» Problem to work on
Begin with the line that holds "gate architecture asorxy" and retype through the last line of the listing below, exactly; pictures are not part of the copy.

» Exercise materials
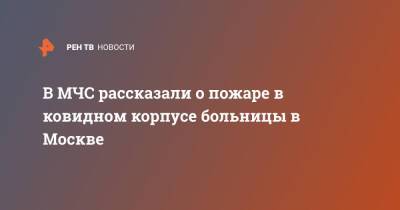 В МЧС рассказали о пожаре в ковидном корпусе больницы в Москве - ren.tv - Москва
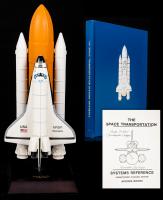 Outstanding Discovery Shuttle Model And Hardcover Of The Space Transportation Systems Reference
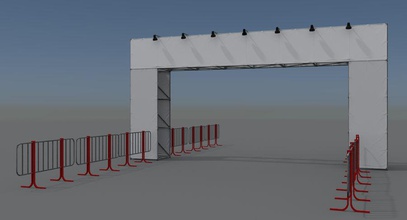 gate architecture asorxy elements fence finished goal model race rally scene sport start 3d print model - Mito3D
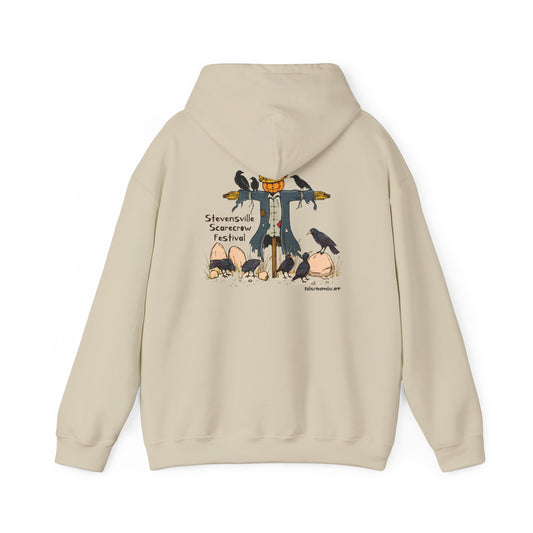 Stevensville Scarecrow Festival, image on the back – Unisex Heavy Blend™ Hooded Sweatshirt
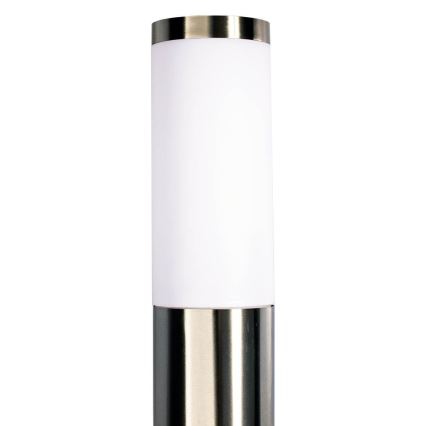 Външна лампа LIVIA 1xE27/10W/230V 45 cm IP44 сребриста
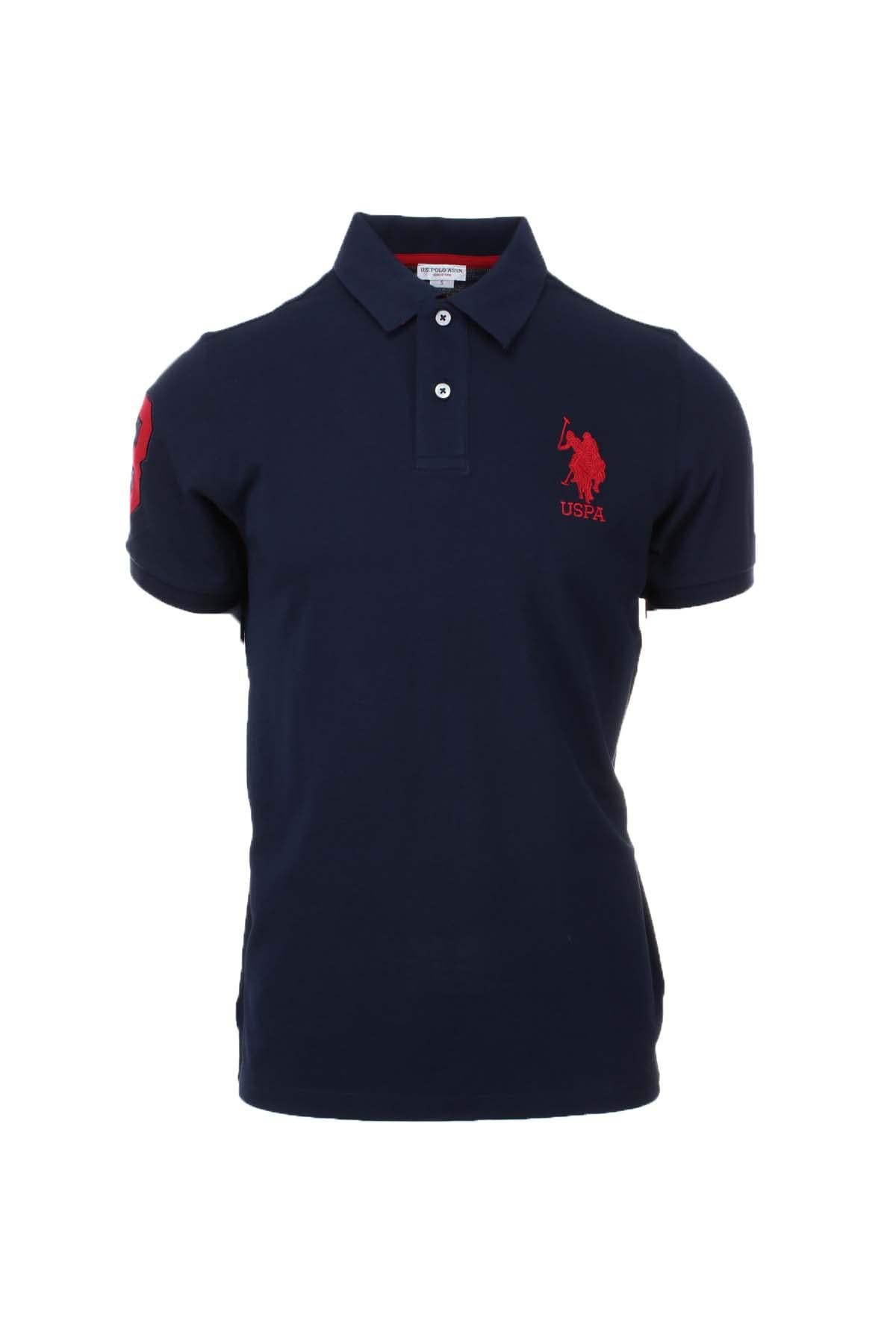 Polo mezza manica maxilogo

» Response
 gate architecture asorxy elements fence finished goal model race rally scene sport start 3d print model - Mito3D
 Stevensville Scarecrow Festival, image on the back – Unisex Heavy Blend™ Hooded Sweatshirt
 Външна лампа LIVIA 1xE27/10W/230V 45 cm IP44 сребриста
 Polo mezza manica maxilogo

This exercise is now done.